Material supplied section start
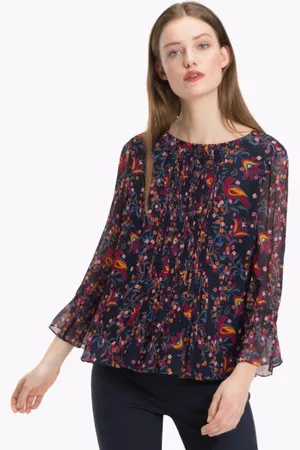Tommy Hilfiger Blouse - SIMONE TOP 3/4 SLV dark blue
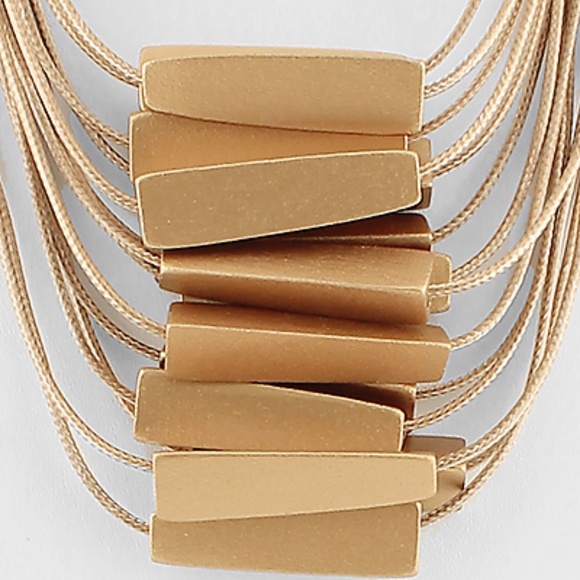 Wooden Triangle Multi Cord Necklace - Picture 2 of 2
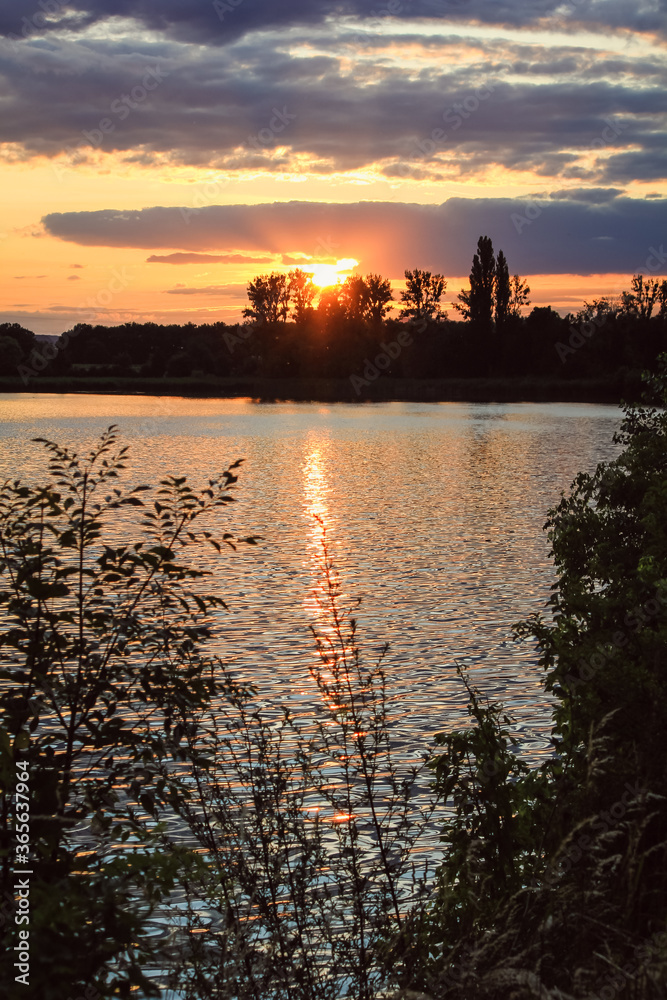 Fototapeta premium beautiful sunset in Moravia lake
Material supplied section end
Material supplied section start
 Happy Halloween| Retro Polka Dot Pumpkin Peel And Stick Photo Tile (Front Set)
Material supplied section end
(Task objective) The lines to set down run from the line with "Tommy Hilfiger Blouse" up to and including the line with "Fototapeta premium beautiful" in the entries above. Reproduce them exactly, with no pictures.

(Finished task)
Tommy Hilfiger Blouse - SIMONE TOP 3/4 SLV dark blue
 Wooden Triangle Multi Cord Necklace - Picture 2 of 2
 Fototapeta premium beautiful sunset in Moravia lake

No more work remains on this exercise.